Look at this in c++ file:
class T
{
public:
char c;
char ca[];
};

The size of this class sizeof(T) is 1, and this is error when assign a string to char[] e.g. T t; t.ca="Hello World!"; : error C2440: '=' : cannot convert from 'const char [13]' to 'char []'
Who can tell me why... why not???

If i want to assign a string to member array in struct/union, how to do it?
Help me, thanks.
Oct 8 '06 #1
5 4570
Lyle Avery wrote:
Hello guys,

Look at this in c++ file:
class T
{
public:
char c;
char ca[];
};

The size of this class sizeof(T) is 1, and this is error when assign a string to char[] e.g. T t; t.ca="Hello World!"; : error C2440: '=' : cannot convert from 'const char [13]' to 'char []'
Who can tell me why... why not???

If i want to assign a string to member array in struct/union, how to do it?
Help me, thanks.

Lyle:

You must specify the size of the array

class T
{
public:
char c;
char ca[16];
};

T t;
strcpy(t.ca, "Hello World!");

Or, better, use std::string

class T
{
public:
char c;
std::string ca;
};

T t;
t.ca = "Hello World!";

And better also use a constuctor for your class and make the data
private. You say you are using C++, not C.

David Wilkinson

Oct 8 '06 #2
Hi David,

Thanks a lot. I use strcpy(t.ca,"Hello World!")/strcpy_s(t.ca,13,"Hello World!"), both of them are ok for copy const string to char[](unfix-sized array in struct/union). But I want to know why t.ca="<const string>" could not to assign a string to an array but copy method strcpy/strcpy_s can do it. Is there any difference between them? Since I'm researching the unfix-sized array in class/struct/union (compiler accept it)and it's object's size. e.g.(No matter how long the string is, the size of type T is still 1 byte)...

class T
{
public:
char c;
char ca[];//must be the last member in structure
};

T t;
strcpy(t.ca, "Hello World!");!!strcpy_s(t.ca, 13, "Hello World!"); //both of them are ok
sizeof(t)/sizeof(T)==1(byte) always...

"David Wilkinson" <no******@effisols.com写入消息 news:uy****************@TK2MSFTNGP03.phx.gbl...
Lyle Avery wrote:
Hello guys,

Look at this in c++ file:
class T
{
public:
char c;
char ca[];
};

The size of this class sizeof(T) is 1, and this is error when assign a string to char[] e.g. T t; t.ca="Hello World!"; : error C2440: '=' : cannot convert from 'const char [13]' to 'char []'
Who can tell me why... why not???

If i want to assign a string to member array in struct/union, how to do it?
Help me, thanks.
Lyle:

You must specify the size of the array

class T
{
public:
char c;
char ca[16];
};

T t;
strcpy(t.ca, "Hello World!");

Or, better, use std::string

class T
{
public:
char c;
std::string ca;
};

T t;
t.ca = "Hello World!";

And better also use a constuctor for your class and make the data
private. You say you are using C++, not C.

David Wilkinson

Oct 8 '06 #3

The char ca[] construct is *not* ok. It is a compiler specific extension that allows you to use that.

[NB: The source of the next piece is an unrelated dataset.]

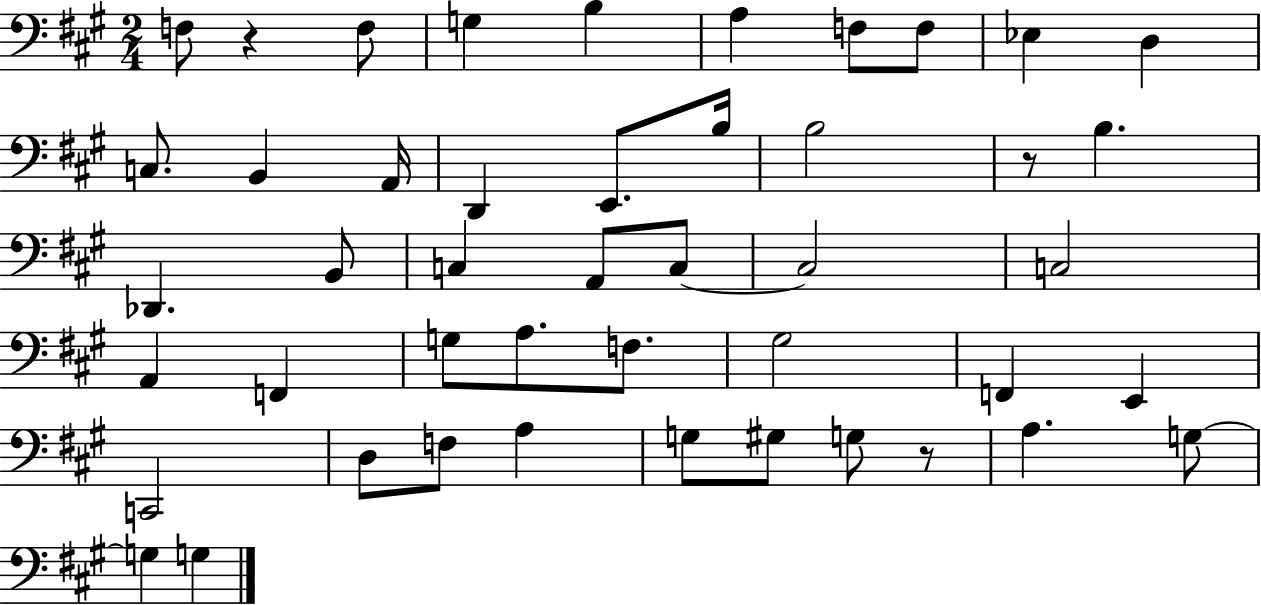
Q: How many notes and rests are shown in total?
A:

The intention is that you (or the system) somehow will allocate a larger chunk of memory, and use that to store the string. The class definition will then allow you to access all the bytes, *if* you know how many there are. Using more than actually allocated is a severe error!

Your strcpy code does *not* work, as it will overwrite whatever happens to reside after your t variable. Don't do that!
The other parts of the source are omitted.